How the fuck can anyone be so conceited to assume they know ANYTHING about an anonymous man, from a book written over a hundred years ago, because they did a few scribbles in the borders around their shitty Dover edition of Erdnase in a year?
Fuck me right in the Bottom Palm. Stop smoking your pubish beard, Daniel. This is hilariously tragic.
BUT, this has allowed some fucking amazing responses about how absolutely fucking hilariously shit this attempt at a shallow money-grab is:
Some of my favourite responses:
Jason England – “I’m better than all of you, and I’ve already proven it – Steve Forte”
Jason England – His ad copy boasted of “over 10,000 hours” of practice in that year. There are 8760 hours in a year. He’s apparently very good at time management also.
Chad Long – I’m worse than all of you and I HAVE proven it. 😜
R Paul Wilson – I’m better than Hugard but only half as good as Frederick Braue.
Derek DelGaudio – Look. Madison knows exactly what he’s doing with this sort thing. It’s not ignorance or arrogance, it’s exploitation, and a tactic trolls use to drum up business. Basically, he’s the Milo Yiannopoulos of magic.
Chris Kenner – I thought it was an SNL skit at first.
Jason Ladanye – #betterthanadeadguy
Harapan Ong – Madison First, Erdnase Second
John Lovick – I don’t know Daniel Madison. But my guess, based on that video is that he’s half joking.
Irving Quant – ERDNASE IS FUCKING OVERRATED! *ducks and covers while giggling*
Curtis Kam – You guys don’t understand. This annotation of Erdnase goes up to eleven!
David Regal – Maybe he meant the other Erdnase, the pickle magnate.
Rudy Coby – Erdnase couldn’t ski worth shit, though. So I’m calling that.
Allan Hagen – Yeah, but there’s 8 hours of ‘inticatelly’ detailed instructions!
There’s been a statement released from Ellusionist that some people have been making death threats to Daniel over the whole situation since he put up an “Apology” video where he directly quotes Heath Ledger’s Joker.
He laughed, I laughed. The fridge laughed. Then continued on with my life, after unplugging the fridge. Just in case.

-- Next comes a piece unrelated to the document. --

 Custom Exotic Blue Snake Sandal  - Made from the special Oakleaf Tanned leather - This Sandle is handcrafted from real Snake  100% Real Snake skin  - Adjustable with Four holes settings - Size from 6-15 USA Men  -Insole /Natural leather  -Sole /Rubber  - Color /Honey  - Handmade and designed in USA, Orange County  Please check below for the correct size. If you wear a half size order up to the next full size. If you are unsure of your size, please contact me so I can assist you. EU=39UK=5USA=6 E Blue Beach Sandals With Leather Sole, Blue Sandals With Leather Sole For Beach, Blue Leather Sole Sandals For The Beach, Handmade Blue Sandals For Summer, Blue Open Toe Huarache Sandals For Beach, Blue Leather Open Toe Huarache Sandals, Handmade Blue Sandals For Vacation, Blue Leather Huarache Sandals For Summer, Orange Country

I replied to a comment on it, which I’m reposting below:
I would say to them exactly what I’m going to say to you; calm the fuck down.
It’s 2017, everyone can have a negative opinion and hate shit without taking it to the point of being offended, offending or threatening anyone.
So for someone who is going to make death threats on the internet over card tricks (lol), they need to seek help and grow the fuck up. Shit could be way worse.
Regarding the magicians you highly respect making comments on the whole debacle, I don’t see any well renowned magicians making any threatening remarks, just stating how ridiculous they think the whole thing is, so kind of a dick move in lumping them in with the people making threats. Just sayin’
Also, please realise you’re bitching about a fictional character’s opinion, on the internet (mine or his?)